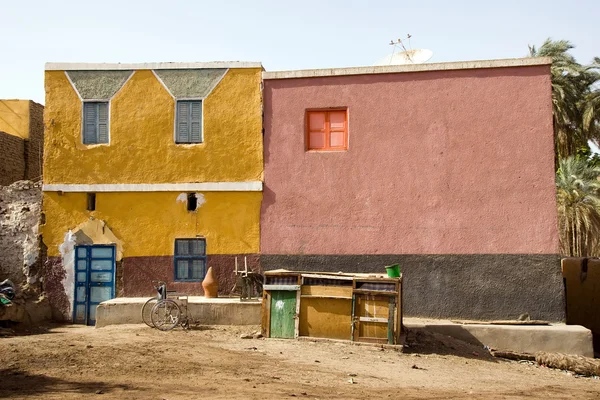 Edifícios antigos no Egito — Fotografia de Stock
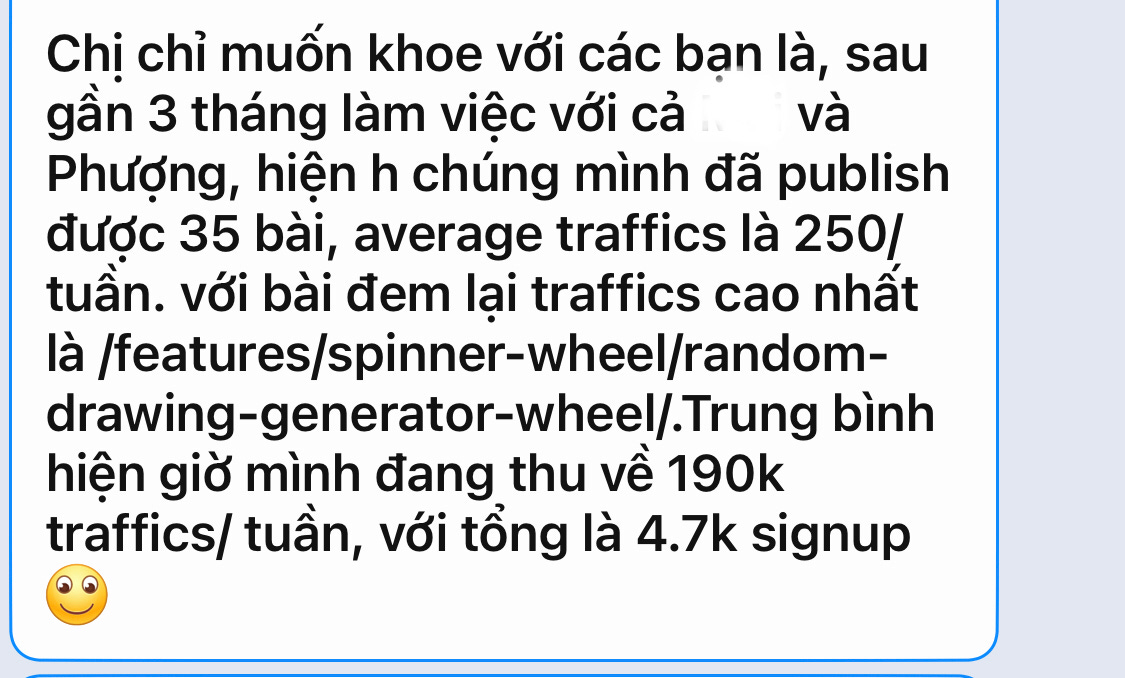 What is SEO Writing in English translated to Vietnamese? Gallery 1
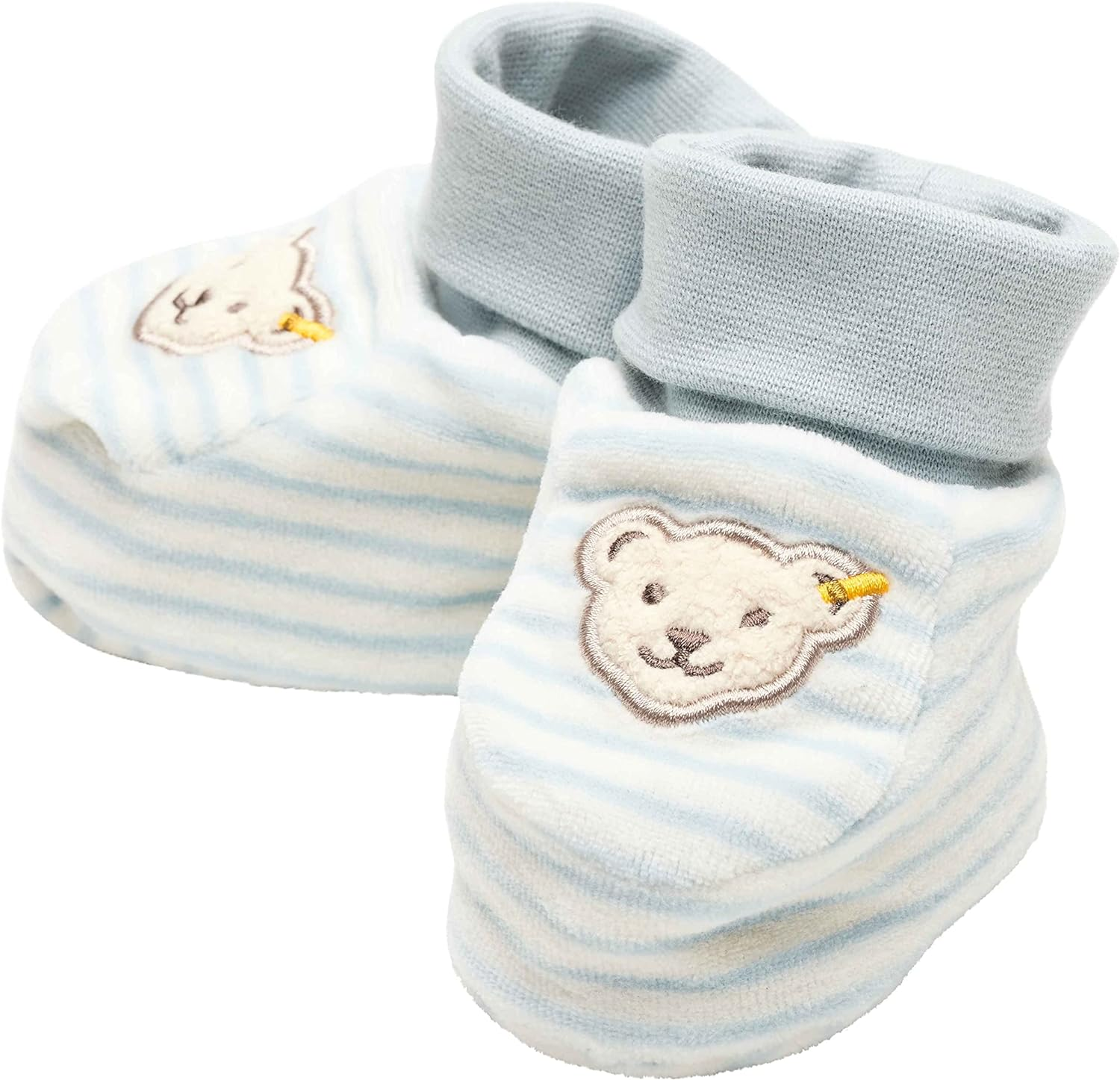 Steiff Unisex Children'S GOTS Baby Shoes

========

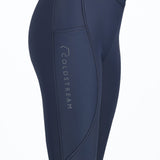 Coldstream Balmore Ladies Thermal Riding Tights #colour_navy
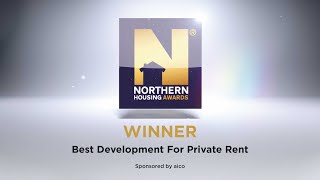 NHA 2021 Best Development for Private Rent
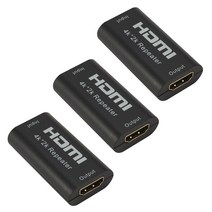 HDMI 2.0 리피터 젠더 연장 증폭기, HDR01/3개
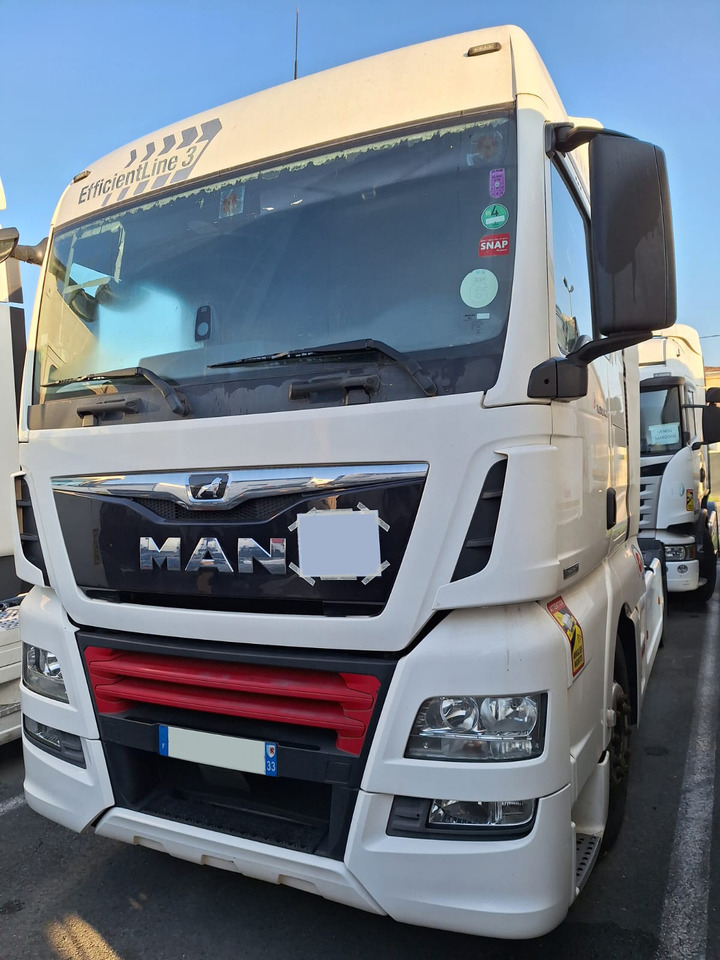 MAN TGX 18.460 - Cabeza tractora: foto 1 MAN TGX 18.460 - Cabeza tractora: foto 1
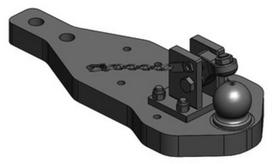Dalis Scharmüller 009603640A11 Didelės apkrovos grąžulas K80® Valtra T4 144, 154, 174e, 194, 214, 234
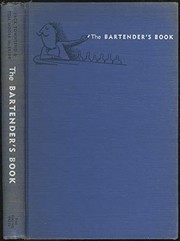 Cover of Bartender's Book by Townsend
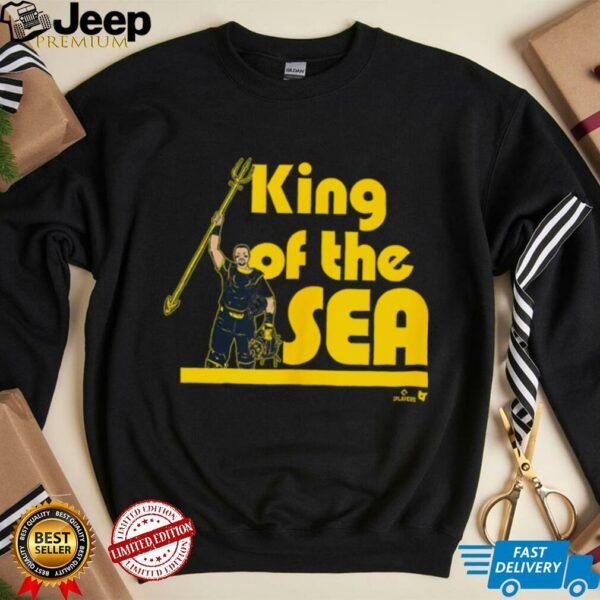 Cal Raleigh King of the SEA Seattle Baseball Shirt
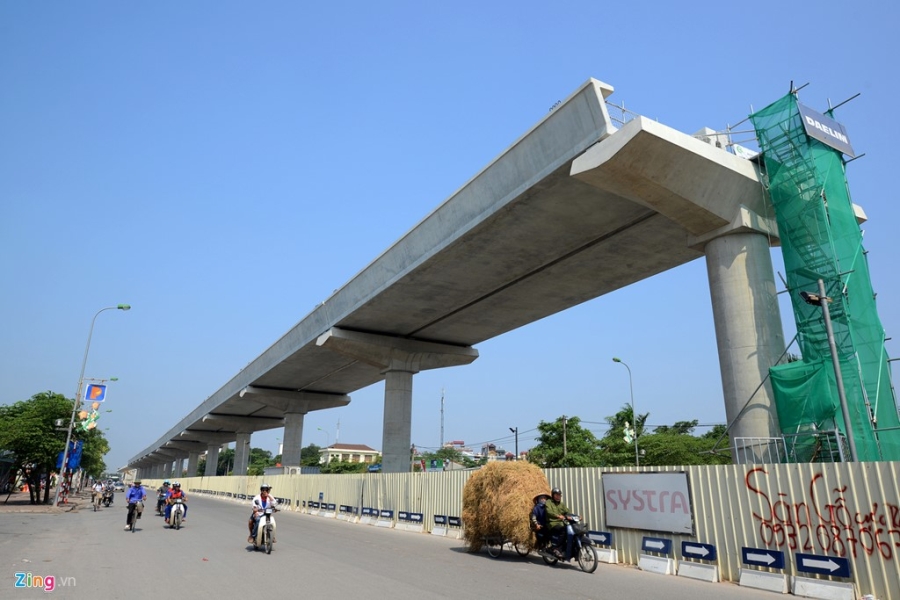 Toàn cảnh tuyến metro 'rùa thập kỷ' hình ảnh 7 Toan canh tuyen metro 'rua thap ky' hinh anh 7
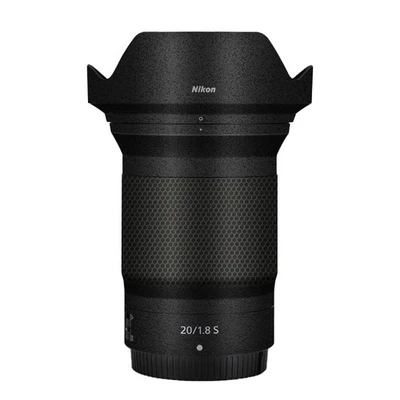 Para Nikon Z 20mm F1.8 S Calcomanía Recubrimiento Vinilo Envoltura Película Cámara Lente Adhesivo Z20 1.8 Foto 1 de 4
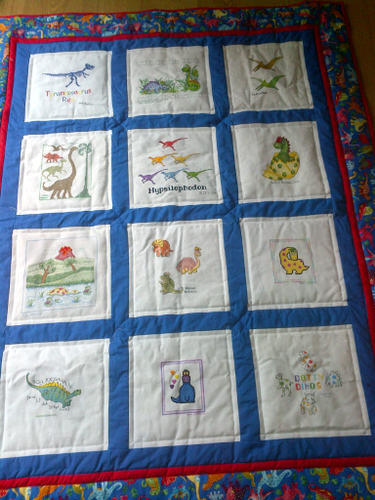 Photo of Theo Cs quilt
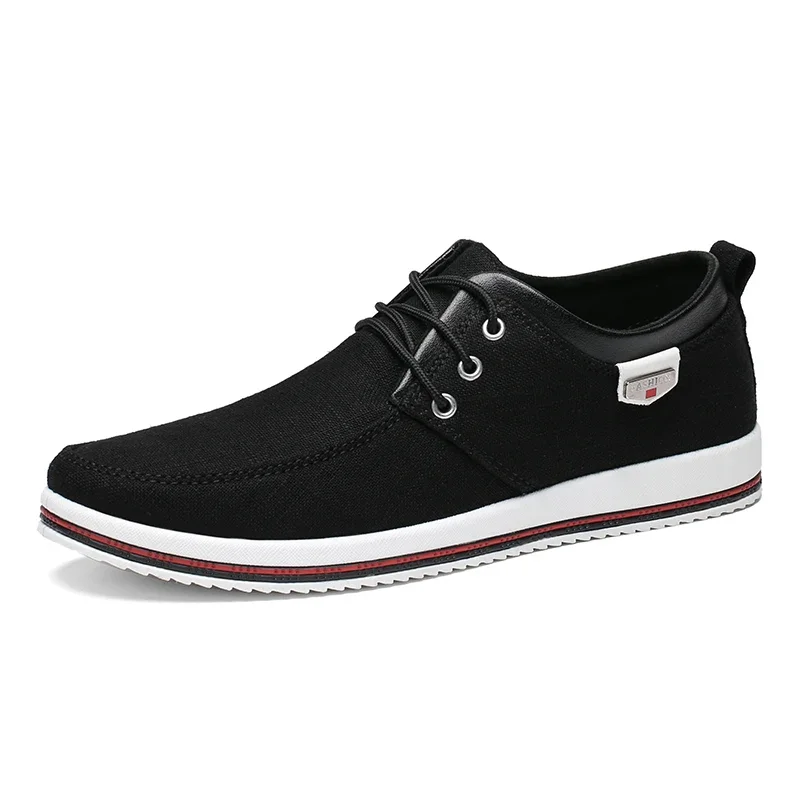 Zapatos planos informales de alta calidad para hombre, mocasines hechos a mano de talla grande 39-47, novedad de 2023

========

• [What is needed]:
Using the records above, return word for word the lines that begin at the one containing "Coldstream Balmore Ladies" and end at the one containing "MAN TGX 18.460 - Cabeza tractora: foto 1 MAN", both of them included and no pictures.

• [Response area]:
 Coldstream Balmore Ladies Thermal Riding Tights #colour_navy
 NHA 2021 Best Development for Private Rent
 HDMI 2.0 리피터 젠더 연장 증폭기, HDR01/3개
 MAN TGX 18.460 - Cabeza tractora: foto 1 MAN TGX 18.460 - Cabeza tractora: foto 1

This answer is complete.